On the rural schools issue, residents in McClellanville and Hollywood feared that moving the grades elsewhere would further shrink the schools' enrollment and lead to closures. School Superintendent Nancy McGinley proposed the shifts because she said it was in students' best academic interests, and she said she had no intention of shuttering schools in either place.
In January, the board supported McGinley's plan, but some board members later said they didn't realize what they had approved. The board agreed to host meetings in McClellanville and Hollywood to see what parents and community members wanted, and hundreds showed up.
The vast majority of attendees said they opposed the board's action and wanted to keep the current grade configuration, and the board's action Monday makes that request a reality.
The board talked little about whether it would reverse its previous decision and spent the bulk of its time debating whether to change other previously approved actions that weren't directly related to the grade shifts.
After the vote, the board delved into a new proposal from member John Barter, which was to create a sixth-grade class at Baptist Hill High that students could voluntarily opt to attend.

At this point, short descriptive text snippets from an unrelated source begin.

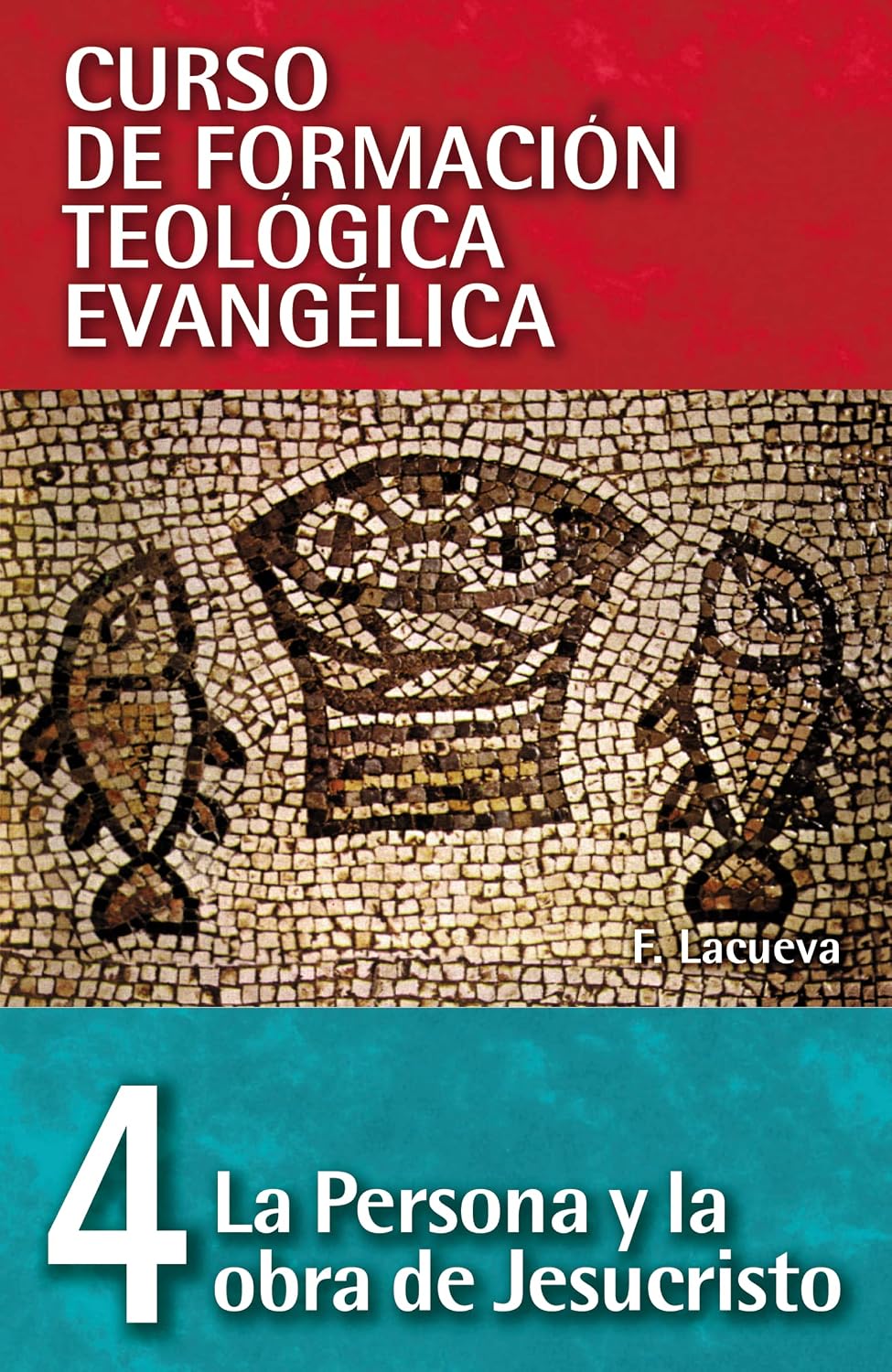 CFT 04 - La persona y la obra de Jesucristo (Curso de formación teología evangélica) (Spanish Edition)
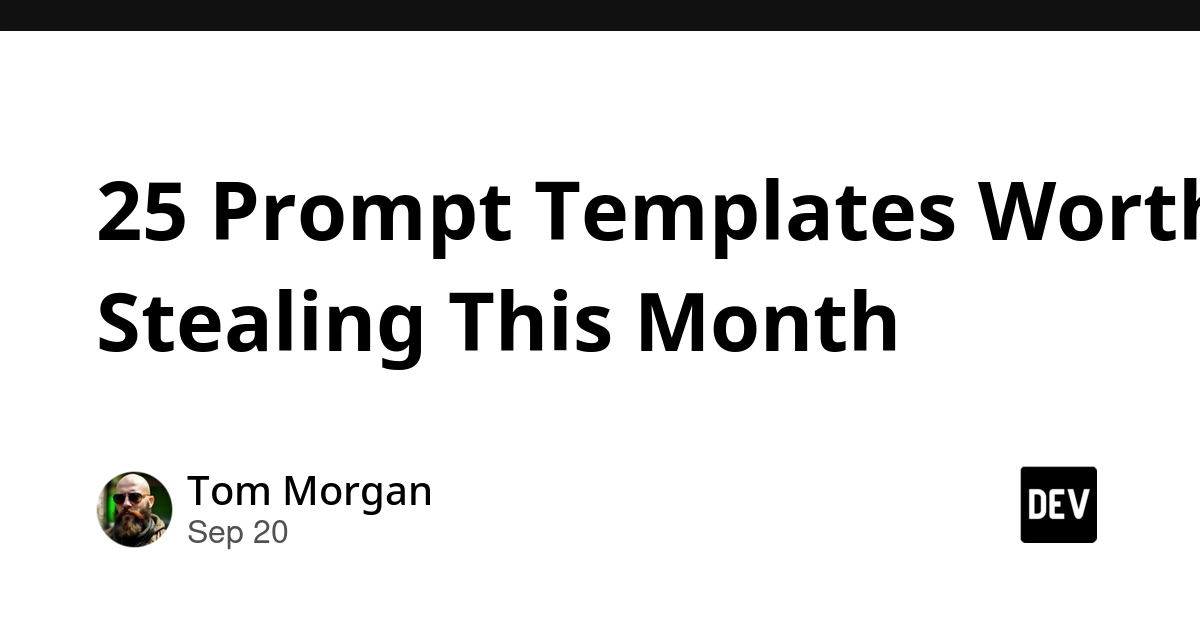 25 Prompt Templates for AI Tasks: Writing, Coding, and Business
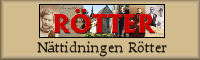 Rötter, the genealogic newspaper on the web.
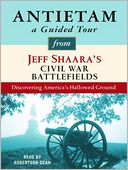 Antietam: A Guided Tour from Jeff Shaara's Civil War Battlefields: What happened, why it matters, and what to see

All of the elementary schools in Hollywood still will offer sixth grades, but this would give parents another alternative, officials said.
Barter said the board wants to ensure students receive the same quality education, regardless of where their school is located, and he asked for the board to receive monthly updates on rural education.
“We'll not turn loose of this,” Barter said.
Board members Chris Collins, Michael Miller and Elizabeth Moffly voted against the majority on the optional sixth-grade campus at Baptist Hill High.
Moffly wanted to know how much it would cost before making a decision, and she said she'd like to instead figure out how to move sixth grade to Lincoln High and return seventh and eighth grades to Jane Edwards Elementary. Ducker said he, too, wanted to talk about adding grades to Jane Edwards.
Collins said he was concerned that the optional sixth grade at Baptist Hill would lessen the number of sixth-graders at elementary schools, and Miller echoed his sentiments. Miller said he feared that this would lead to all sixth graders being housed at the high school, which would eliminate the option to stay at elementary schools.
Reach Diette Courrégé Casey at @Diette on Twitter or (843) 937-5546.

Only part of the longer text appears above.